Drawing an array of elected officials and state policy makers as well as public and private sector stakeholders, Tampa Bay Builder’s Association presented  Florida Policy Project’s Housing Summitt and delivered a robust and informative discussion about many of the issues affecting housing development, including affordable housing and relevant economic implications.

Former state senator Jeff Brandes leads the Policy Project, and it recently released a report touting the concept of affordable housing vouchers to address the fact the current crisis conditions have pushed home ownership and rental housing beyond the reach of millions of Floridians. Other key topics also included accessory dwelling units (ADUs), inclusionary zoning, build-to-rent (BTR) developments, and the reduction of minimum lot sizes.
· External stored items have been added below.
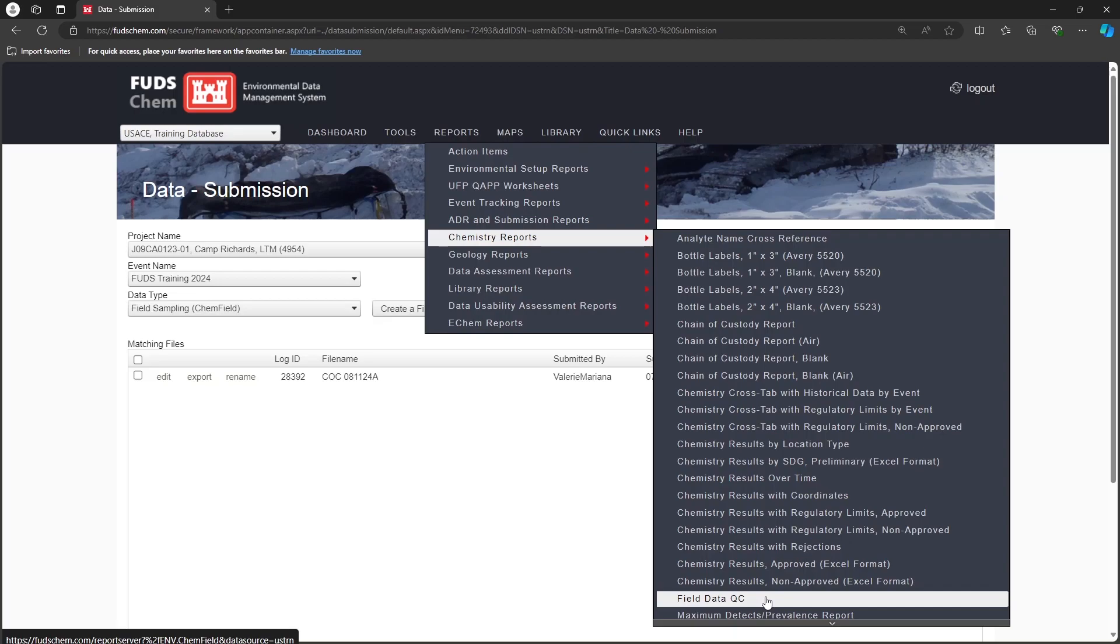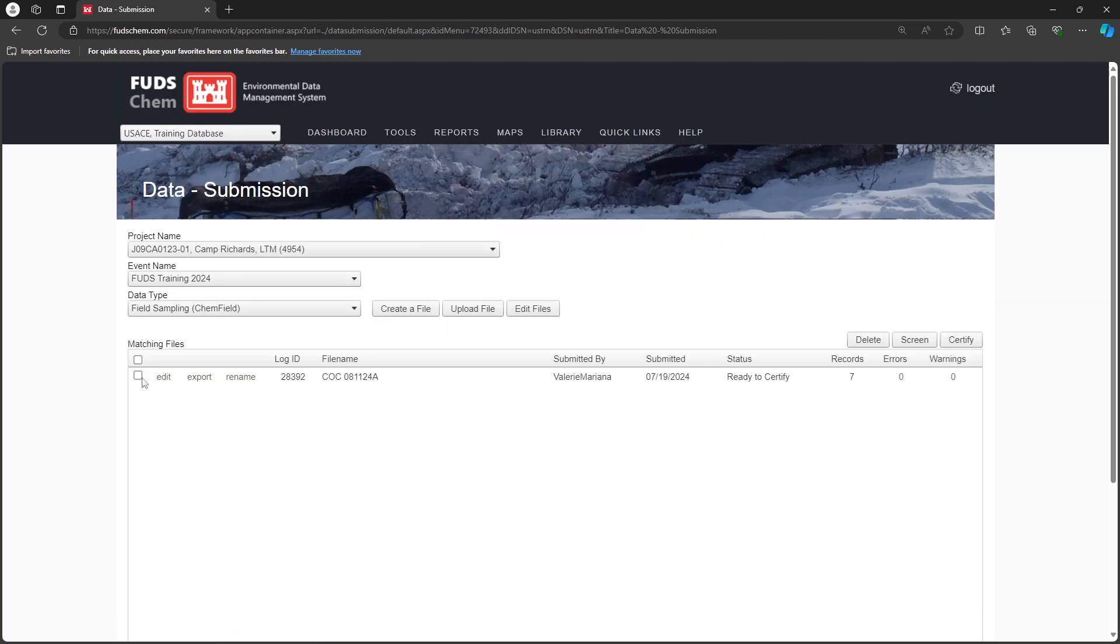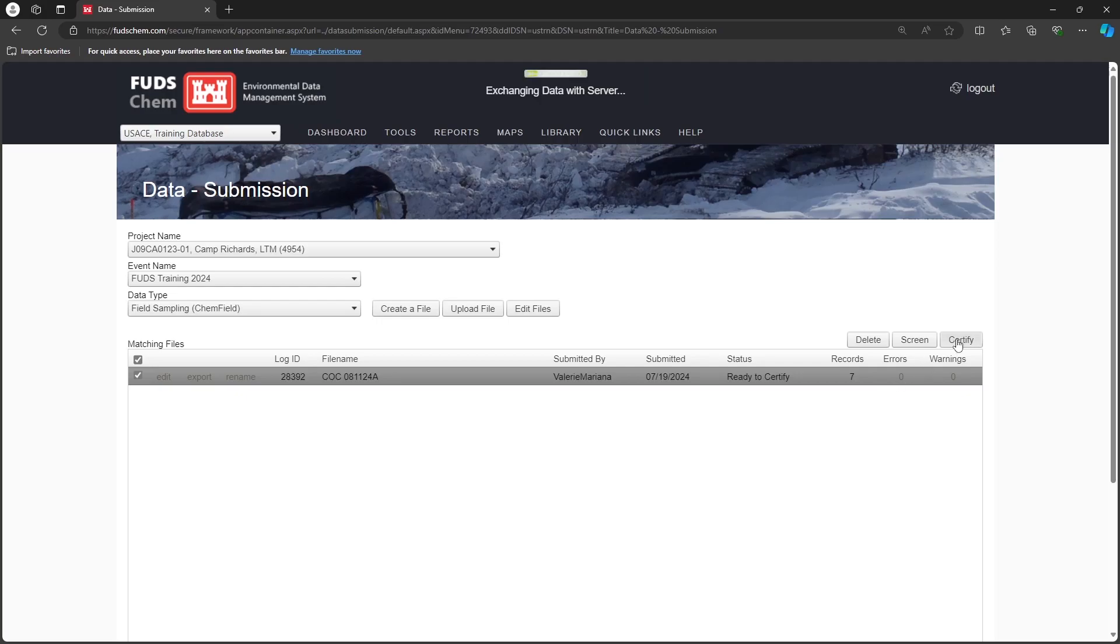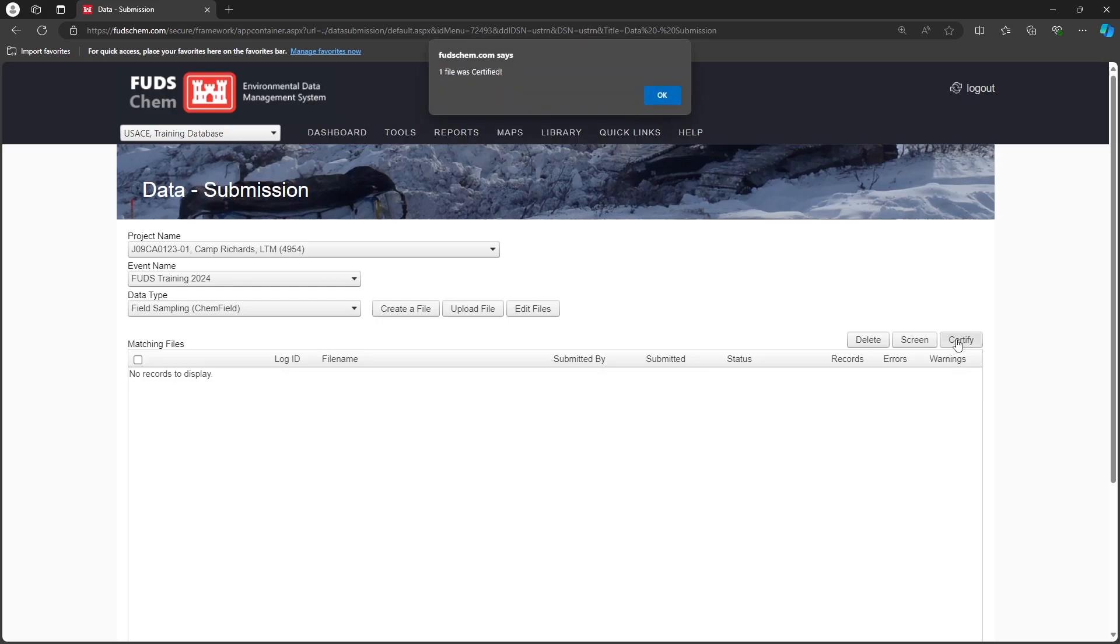Once the file is complete and error-free, select it in the interface and click Certify. Now the lab can load their data for these samples and methods. Be sure to submit ChemField files for any additional CoCs you may have.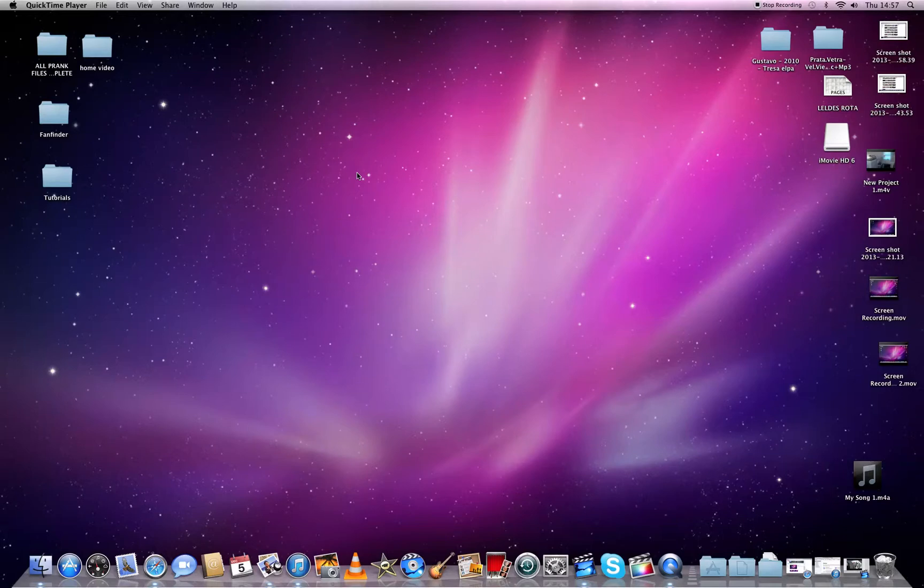Hey guys, it's Kalvis from MacTutorials. Today I'm going to show you how to use some basic features in iMovie HD. Let's get started.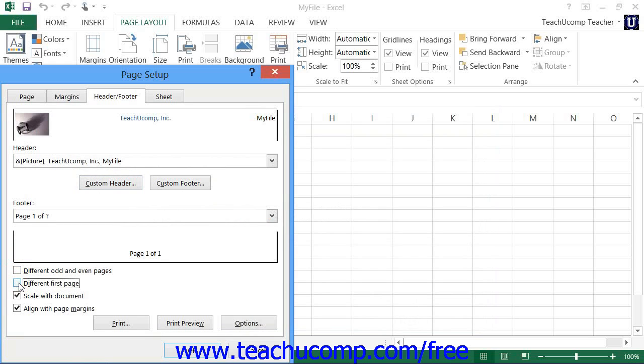Note that the last two checkboxes on this tab simply allow you to scale the headers and footer along with the worksheet content if needed, and align the headers and footers with the page margins specified in the Margins tab.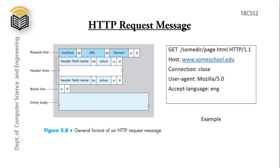Now we will see an example. So here GET is nothing but the method. Next we have a space. Then we have a requested URL page and the version of HTTP protocol we are using.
A consistent theme of collaboration emerged throughout the day plenary and break-out sessions. Many of the speakers noted that local and state governments must work with the private sector to address housing supply issues such as indicating that time and again by many that neither the public and private sectors have proven they can do affordable housing on their own – and there is no silver bullet.  Many panelists further agreed that it is important to view affordable housing not simply as a way to help families but as a means of igniting and sustaining the economy.

“If you don’t have enough affordable housing to support the jobs that are making your economy run, your economy is not going to be able to grow or expand,” said Blue Sky executive vice president Scott Macdonald.

State Sen. Blaise Ingoglia, Spring Hill, touted new Senate Bill 812, which would require certain governing bodies to create programs to expedite the process for issuing residential building permits before a final plat is recorded. Ingoglia said the new bill could also introduce more products into the market, helping alleviate some of Florida’s housing pressures.

Another highlight of the summit was a panel discussion on local housing solutions, during which Manatee County Commissioner George Kruse emphasized the importance of removing minimum parking requirements and allowing more by-right developments. He pointed out that the comprehensive plans and land development regulations are outdated and have not kept up with current needs, creating uncertainty for developers.

Sen. Ingoglia and Commissioner Kruse joined several other elected officials in attendance, including State Rep. Lindsey Cross, St. Petersburg, State Rep. Linda Chaney, St. Pete Beach, Pasco County Commissioner Jack Mariano, and St. Petersburg City Councilmember Gina Driscoll.